» TASK
Filter the listing for lines containing "Background".
----------------------------------------
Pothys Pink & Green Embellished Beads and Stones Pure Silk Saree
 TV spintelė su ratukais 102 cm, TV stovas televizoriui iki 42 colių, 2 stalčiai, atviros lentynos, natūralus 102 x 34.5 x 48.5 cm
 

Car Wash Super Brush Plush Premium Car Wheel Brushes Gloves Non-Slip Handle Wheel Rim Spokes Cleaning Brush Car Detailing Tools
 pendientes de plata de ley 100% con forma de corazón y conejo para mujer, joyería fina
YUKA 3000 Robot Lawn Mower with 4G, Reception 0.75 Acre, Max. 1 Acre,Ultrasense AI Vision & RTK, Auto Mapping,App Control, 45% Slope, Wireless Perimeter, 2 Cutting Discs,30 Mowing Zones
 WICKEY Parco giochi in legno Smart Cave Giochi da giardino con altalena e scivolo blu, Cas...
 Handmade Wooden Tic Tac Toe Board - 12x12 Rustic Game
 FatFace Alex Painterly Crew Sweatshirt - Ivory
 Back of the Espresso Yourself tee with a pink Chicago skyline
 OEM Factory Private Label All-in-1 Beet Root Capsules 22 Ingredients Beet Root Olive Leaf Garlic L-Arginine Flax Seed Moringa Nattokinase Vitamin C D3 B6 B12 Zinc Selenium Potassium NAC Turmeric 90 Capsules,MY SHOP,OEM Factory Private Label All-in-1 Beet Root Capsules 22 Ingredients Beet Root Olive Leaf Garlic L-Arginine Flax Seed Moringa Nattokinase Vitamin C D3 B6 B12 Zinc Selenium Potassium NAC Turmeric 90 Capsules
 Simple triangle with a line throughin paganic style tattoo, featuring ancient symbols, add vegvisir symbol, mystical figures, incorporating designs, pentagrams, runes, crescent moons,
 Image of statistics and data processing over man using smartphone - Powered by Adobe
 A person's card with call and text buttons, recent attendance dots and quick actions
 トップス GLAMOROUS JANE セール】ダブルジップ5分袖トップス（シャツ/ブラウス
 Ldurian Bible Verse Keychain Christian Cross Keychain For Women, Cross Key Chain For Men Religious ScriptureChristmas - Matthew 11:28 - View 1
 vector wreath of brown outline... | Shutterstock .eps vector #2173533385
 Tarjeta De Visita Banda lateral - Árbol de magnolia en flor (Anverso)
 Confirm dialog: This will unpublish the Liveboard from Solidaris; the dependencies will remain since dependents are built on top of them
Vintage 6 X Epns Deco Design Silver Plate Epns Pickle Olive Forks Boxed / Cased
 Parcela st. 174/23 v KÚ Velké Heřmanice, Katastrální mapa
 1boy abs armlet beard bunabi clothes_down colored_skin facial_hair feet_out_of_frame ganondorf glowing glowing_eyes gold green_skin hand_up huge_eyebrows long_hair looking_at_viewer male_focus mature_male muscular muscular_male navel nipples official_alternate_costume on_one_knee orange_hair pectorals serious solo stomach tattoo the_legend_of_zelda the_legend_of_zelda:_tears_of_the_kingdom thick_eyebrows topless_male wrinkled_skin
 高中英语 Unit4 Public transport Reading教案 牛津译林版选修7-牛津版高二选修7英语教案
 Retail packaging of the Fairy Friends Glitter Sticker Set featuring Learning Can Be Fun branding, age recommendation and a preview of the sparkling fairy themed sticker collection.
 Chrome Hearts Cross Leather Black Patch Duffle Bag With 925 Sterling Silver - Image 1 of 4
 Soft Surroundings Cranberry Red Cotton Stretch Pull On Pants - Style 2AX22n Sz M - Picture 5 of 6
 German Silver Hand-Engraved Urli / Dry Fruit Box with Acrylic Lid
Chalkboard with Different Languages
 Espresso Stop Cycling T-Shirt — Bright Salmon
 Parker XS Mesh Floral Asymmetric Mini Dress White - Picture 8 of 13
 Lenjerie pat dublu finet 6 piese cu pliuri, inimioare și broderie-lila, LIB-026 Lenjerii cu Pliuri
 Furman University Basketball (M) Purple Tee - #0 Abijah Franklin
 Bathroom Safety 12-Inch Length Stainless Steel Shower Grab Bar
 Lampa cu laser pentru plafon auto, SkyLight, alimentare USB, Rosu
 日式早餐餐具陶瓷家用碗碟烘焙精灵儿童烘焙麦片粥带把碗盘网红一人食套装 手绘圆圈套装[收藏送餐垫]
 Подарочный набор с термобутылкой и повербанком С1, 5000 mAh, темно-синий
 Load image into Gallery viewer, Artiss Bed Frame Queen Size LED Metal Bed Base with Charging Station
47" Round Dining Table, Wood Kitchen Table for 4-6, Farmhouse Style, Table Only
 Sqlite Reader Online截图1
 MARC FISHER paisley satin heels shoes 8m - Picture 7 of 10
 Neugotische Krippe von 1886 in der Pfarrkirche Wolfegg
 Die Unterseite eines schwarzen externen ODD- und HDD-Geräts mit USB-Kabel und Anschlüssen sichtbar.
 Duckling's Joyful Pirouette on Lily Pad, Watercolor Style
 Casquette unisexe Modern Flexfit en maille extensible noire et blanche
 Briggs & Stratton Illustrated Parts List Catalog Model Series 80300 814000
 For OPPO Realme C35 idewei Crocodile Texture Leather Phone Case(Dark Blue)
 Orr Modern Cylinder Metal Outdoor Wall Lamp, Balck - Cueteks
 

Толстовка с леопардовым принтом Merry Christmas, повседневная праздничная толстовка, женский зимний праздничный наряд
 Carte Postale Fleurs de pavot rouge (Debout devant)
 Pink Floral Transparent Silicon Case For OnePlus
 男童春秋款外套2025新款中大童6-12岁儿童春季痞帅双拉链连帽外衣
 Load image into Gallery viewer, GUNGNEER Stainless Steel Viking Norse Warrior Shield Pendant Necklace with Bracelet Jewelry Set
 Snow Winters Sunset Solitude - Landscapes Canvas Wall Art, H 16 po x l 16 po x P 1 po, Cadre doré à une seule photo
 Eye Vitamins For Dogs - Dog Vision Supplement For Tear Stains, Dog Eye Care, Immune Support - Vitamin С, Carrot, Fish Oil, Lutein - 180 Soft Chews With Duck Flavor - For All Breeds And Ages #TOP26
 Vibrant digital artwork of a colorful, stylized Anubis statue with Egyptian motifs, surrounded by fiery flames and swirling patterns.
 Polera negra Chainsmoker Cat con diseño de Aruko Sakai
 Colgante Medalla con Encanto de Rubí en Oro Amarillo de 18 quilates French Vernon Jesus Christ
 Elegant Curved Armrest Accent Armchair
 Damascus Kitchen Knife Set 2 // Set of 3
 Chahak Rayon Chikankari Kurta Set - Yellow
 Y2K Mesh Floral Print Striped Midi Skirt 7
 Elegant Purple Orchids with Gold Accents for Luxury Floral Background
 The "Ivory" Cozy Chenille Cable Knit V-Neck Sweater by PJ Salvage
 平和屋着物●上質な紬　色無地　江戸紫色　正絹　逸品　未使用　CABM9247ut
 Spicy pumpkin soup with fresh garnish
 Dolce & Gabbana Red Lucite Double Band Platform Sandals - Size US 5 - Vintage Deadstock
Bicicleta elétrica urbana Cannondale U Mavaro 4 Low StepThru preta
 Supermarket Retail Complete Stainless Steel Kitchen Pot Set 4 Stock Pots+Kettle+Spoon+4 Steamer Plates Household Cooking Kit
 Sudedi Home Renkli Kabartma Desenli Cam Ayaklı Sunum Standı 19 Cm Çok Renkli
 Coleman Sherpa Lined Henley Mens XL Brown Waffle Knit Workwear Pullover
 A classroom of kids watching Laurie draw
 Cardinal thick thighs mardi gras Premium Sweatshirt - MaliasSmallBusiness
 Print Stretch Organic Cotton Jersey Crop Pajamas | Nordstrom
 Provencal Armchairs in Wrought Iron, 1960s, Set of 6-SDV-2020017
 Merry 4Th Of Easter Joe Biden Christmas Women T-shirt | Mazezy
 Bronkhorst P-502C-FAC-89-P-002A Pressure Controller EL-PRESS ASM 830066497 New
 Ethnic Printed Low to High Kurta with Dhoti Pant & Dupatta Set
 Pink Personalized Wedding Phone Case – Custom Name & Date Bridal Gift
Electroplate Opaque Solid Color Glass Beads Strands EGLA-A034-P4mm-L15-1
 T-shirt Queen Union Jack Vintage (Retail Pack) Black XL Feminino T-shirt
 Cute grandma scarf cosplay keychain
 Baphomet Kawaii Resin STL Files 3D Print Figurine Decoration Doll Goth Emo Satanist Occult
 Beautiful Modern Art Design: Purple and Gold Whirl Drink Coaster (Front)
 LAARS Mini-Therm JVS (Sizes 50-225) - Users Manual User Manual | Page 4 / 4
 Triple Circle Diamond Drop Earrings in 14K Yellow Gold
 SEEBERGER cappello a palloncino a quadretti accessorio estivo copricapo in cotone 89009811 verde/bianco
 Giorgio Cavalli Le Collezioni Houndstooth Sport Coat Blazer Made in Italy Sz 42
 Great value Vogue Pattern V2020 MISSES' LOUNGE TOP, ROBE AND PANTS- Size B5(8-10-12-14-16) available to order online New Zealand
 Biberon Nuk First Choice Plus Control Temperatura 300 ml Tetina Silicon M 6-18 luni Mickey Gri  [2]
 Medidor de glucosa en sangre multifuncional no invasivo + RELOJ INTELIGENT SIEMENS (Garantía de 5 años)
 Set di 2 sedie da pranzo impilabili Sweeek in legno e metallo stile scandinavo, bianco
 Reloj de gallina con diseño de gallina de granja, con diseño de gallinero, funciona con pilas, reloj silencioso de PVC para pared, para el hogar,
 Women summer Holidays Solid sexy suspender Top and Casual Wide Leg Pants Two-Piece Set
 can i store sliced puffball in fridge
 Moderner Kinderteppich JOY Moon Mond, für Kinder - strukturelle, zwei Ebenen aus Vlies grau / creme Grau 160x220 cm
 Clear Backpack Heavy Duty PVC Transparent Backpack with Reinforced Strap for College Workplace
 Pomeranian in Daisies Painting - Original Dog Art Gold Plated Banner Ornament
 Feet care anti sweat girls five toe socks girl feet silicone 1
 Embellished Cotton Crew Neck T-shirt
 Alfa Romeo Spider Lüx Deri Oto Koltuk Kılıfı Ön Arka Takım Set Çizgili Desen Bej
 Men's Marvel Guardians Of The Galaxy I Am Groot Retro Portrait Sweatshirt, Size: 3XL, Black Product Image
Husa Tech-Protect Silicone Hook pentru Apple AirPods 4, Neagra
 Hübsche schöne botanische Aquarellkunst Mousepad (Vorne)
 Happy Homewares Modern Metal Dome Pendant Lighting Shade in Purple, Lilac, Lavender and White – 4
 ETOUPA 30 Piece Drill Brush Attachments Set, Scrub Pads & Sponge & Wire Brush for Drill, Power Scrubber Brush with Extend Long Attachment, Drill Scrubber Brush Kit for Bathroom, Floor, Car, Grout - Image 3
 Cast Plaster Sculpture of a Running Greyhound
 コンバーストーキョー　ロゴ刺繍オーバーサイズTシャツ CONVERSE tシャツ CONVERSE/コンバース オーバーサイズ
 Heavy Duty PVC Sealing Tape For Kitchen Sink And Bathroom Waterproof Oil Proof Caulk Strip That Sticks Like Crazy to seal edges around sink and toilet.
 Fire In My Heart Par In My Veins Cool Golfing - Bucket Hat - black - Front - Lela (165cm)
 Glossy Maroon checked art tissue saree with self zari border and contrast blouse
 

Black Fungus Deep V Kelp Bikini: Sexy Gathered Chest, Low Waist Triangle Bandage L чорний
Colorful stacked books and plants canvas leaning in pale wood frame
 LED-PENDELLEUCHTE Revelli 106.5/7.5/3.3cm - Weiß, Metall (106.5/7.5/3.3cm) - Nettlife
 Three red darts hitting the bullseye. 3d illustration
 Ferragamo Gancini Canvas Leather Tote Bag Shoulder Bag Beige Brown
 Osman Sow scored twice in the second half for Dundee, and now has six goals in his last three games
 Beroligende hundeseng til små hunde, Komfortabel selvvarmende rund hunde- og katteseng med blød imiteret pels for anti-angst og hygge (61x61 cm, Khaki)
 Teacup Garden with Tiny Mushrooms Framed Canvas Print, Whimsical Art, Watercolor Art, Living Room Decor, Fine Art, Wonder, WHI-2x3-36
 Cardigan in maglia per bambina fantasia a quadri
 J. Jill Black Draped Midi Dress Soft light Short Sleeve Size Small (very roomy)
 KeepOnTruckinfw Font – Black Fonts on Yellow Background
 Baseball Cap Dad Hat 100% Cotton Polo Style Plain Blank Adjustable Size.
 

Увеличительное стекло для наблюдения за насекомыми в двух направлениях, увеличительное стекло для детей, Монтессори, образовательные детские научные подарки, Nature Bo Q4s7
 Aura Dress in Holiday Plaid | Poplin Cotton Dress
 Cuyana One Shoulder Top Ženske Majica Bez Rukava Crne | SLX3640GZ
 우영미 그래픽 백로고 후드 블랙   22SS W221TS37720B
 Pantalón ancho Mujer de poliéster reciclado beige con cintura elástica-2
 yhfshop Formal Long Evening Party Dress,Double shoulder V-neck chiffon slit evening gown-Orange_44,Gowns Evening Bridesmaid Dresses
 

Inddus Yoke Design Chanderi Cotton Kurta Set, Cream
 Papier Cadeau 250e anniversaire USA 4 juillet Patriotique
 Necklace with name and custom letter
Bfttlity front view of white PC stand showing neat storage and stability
----------------------------------------
» YOUR RESPONSE
 Elegant Purple Orchids with Gold Accents for Luxury Floral Background
 KeepOnTruckinfw Font – Black Fonts on Yellow Background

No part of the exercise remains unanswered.